Problem to solve:
Output the entries below exactly, from the first line to the line holding "小規模多機能型居住介護事業所 パーシモン", both included.

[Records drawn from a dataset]

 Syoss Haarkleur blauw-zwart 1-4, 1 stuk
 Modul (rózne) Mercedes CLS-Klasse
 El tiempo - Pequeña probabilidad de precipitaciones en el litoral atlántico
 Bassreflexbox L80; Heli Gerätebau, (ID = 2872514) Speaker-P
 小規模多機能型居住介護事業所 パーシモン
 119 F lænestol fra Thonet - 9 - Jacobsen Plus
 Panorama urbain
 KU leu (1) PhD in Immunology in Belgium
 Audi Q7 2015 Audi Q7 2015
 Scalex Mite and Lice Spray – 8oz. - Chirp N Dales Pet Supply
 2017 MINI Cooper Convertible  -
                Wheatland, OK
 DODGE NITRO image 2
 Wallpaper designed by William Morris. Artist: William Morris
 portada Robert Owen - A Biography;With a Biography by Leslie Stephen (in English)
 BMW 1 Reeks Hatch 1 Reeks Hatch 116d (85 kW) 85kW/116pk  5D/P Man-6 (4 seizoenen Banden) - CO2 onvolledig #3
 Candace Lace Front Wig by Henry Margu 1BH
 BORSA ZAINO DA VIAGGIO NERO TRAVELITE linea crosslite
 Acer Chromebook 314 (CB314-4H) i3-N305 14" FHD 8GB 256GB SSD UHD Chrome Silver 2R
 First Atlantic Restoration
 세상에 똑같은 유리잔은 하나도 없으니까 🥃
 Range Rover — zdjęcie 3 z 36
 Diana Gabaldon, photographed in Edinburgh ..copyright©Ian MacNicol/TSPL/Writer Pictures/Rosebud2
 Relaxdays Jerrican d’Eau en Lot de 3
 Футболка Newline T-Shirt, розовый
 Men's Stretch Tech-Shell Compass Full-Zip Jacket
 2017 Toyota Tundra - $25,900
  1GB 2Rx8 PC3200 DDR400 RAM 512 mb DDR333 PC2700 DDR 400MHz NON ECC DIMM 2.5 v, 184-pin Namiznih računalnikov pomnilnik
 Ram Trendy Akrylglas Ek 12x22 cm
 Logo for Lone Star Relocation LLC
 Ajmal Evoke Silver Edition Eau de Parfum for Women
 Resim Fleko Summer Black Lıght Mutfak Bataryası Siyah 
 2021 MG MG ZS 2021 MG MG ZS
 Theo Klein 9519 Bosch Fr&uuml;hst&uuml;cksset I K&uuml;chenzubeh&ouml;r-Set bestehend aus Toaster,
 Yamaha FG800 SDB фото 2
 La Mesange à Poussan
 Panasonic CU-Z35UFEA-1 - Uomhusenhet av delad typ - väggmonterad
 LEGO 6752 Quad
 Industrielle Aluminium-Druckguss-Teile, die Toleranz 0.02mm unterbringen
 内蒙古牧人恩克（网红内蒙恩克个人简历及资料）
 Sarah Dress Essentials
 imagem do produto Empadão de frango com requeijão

Response box:
 Syoss Haarkleur blauw-zwart 1-4, 1 stuk
 Modul (rózne) Mercedes CLS-Klasse
 El tiempo - Pequeña probabilidad de precipitaciones en el litoral atlántico
 Bassreflexbox L80; Heli Gerätebau, (ID = 2872514) Speaker-P
 小規模多機能型居住介護事業所 パーシモン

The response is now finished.